Acting on a request from Iran, the International Atomic Energy Agency said today it will send a team to Tehran to work jointly on a plan meant to clear up suspicions about the Islamic republic's nuclear activities.
The invitation, conveyed yesterday by a senior Iranian envoy and made public Monday by the agency, was portrayed by some diplomats as a positive step in IAEA attempts to learn more about past activities that could point toward a weapons program.
But the US said it was sceptical.
"I don't think Iran's track record is particularly noteworthy or particularly likely to give me or anyone else confidence that anything will come of these discussions," State Department spokesman Tom Casey said in Washington.

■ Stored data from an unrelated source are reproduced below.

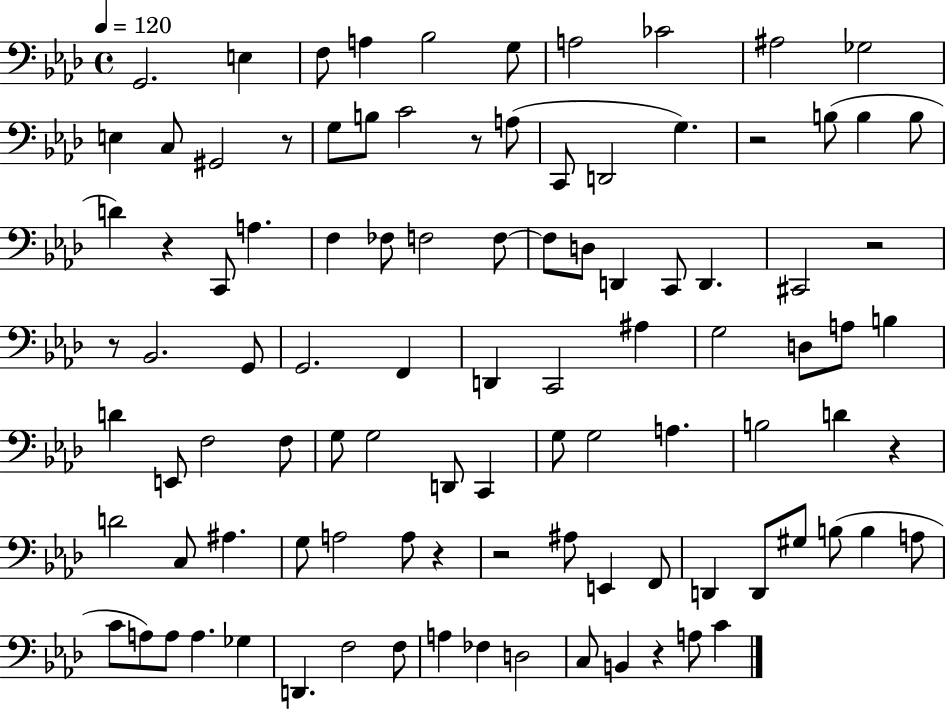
G2/h. E3/q F3/e A3/q Bb3/h G3/e A3/h CES4/h A#3/h Gb3/h E3/q C3/e G#2/h R/e G3/e B3/e C4/h R/e A3/e C2/e D2/h G3/q. R/h B3/e B3/q B3/e D4/q R/q C2/e A3/q. F3/q FES3/e F3/h F3/e F3/e D3/e D2/q C2/e D2/q. C#2/h R/h R/e Bb2/h. G2/e G2/h. F2/q D2/q C2/h A#3/q G3/h D3/e A3/e B3/q D4/q E2/e F3/h F3/e G3/e G3/h D2/e C2/q G3/e G3/h A3/q. B3/h D4/q R/q D4/h C3/e A#3/q. G3/e A3/h A3/e R/q R/h A#3/e E2/q F2/e D2/q D2/e G#3/e B3/e B3/q A3/e C4/e A3/e A3/e A3/q. Gb3/q D2/q. F3/h F3/e A3/q FES3/q D3/h C3/e B2/q R/q A3/e C4/q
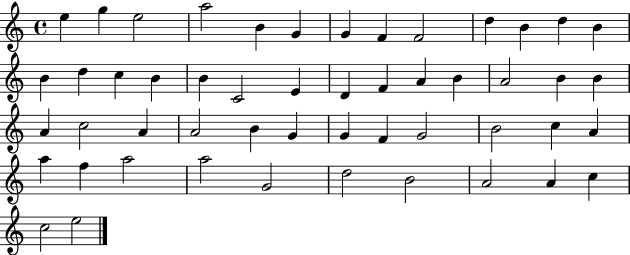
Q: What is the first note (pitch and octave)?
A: E5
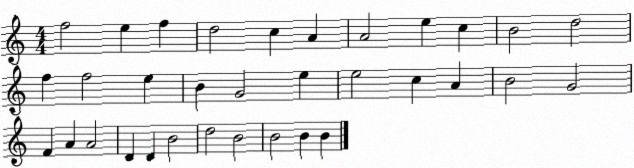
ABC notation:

X:1
T:Untitled
M:4/4
L:1/4
K:C
f2 e f d2 c A A2 e c B2 d2 f f2 e B G2 e e2 c A B2 G2 F A A2 D D B2 d2 B2 B2 B B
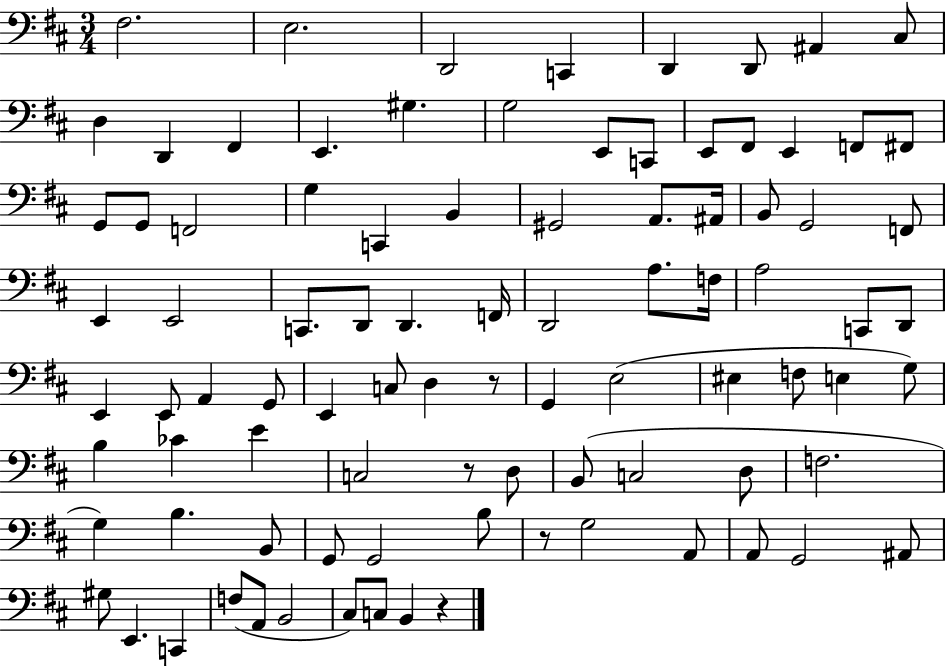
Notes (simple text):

F#3/h. E3/h. D2/h C2/q D2/q D2/e A#2/q C#3/e D3/q D2/q F#2/q E2/q. G#3/q. G3/h E2/e C2/e E2/e F#2/e E2/q F2/e F#2/e G2/e G2/e F2/h G3/q C2/q B2/q G#2/h A2/e. A#2/s B2/e G2/h F2/e E2/q E2/h C2/e. D2/e D2/q. F2/s D2/h A3/e. F3/s A3/h C2/e D2/e E2/q E2/e A2/q G2/e E2/q C3/e D3/q R/e G2/q E3/h EIS3/q F3/e E3/q G3/e B3/q CES4/q E4/q C3/h R/e D3/e B2/e C3/h D3/e F3/h. G3/q B3/q. B2/e G2/e G2/h B3/e R/e G3/h A2/e A2/e G2/h A#2/e G#3/e E2/q. C2/q F3/e A2/e B2/h C#3/e C3/e B2/q R/q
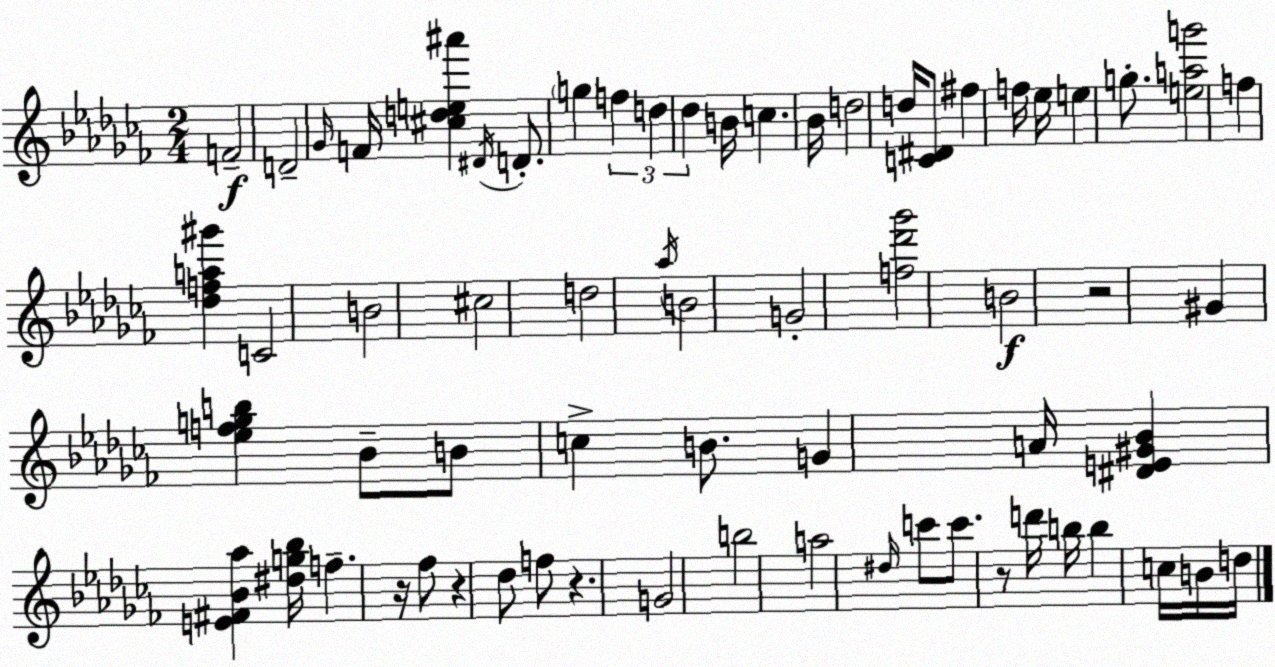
X:1
T:Untitled
M:2/4
L:1/4
K:Abm
F2 D2 _G/4 F/4 [^cde^a'] ^D/4 D/2 g f d _d B/4 c _B/4 d2 d/4 [C^D]/2 ^f f/4 _e/4 e g/2 [eag']2 f [_dfa^g'] C2 B2 ^c2 d2 _a/4 B2 G2 [f_d'_g']2 B2 z2 ^G [_efgb] _B/2 B/2 c B/2 G A/4 [^DE^G_B] [E^F_B_a] [^dg_b]/4 f z/4 _f/2 z _d/2 f/2 z G2 b2 a2 ^d/4 c'/2 c'/2 z/2 d'/4 b/4 b c/4 B/4 d/4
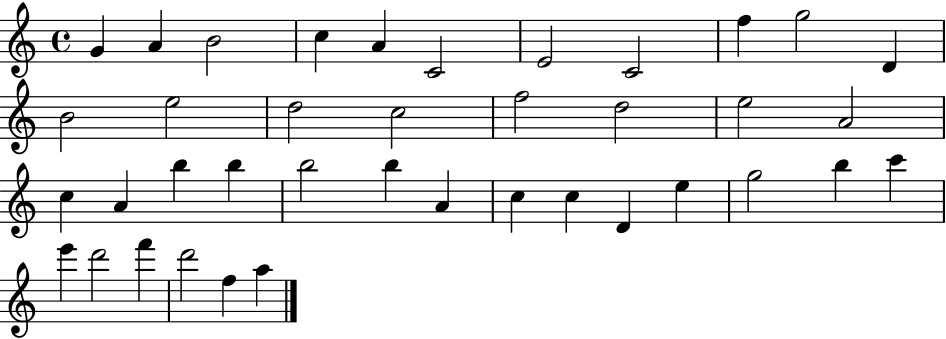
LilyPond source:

{
  \clef treble
  \time 4/4
  \defaultTimeSignature
  \key c \major
  g'4 a'4 b'2 | c''4 a'4 c'2 | e'2 c'2 | f''4 g''2 d'4 | \break b'2 e''2 | d''2 c''2 | f''2 d''2 | e''2 a'2 | \break c''4 a'4 b''4 b''4 | b''2 b''4 a'4 | c''4 c''4 d'4 e''4 | g''2 b''4 c'''4 | \break e'''4 d'''2 f'''4 | d'''2 f''4 a''4 | \bar "|."
}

The invitation was linked to a recent Iranian offer to stop stonewalling the agency in its probe of more than two decades of Iranian nuclear activities - clandestine until 2002 when they were revealed by a dissident group.
If followed through, it could generate international good will that might blunt the threat of new UN sanctions and increase pressure on the US and its closest allies to compromise on their insistence for a full enrichment freeze.
Besides demanding such a freeze - and answers to the IAEA's questions - the Security Council wants Iran to stop building a plutonium-producing reactor.
The country's refusal to provide answers originally prompted the council to get involved. Since December, it has imposed two sets of sanctions and has begun informal consultations on new penalties.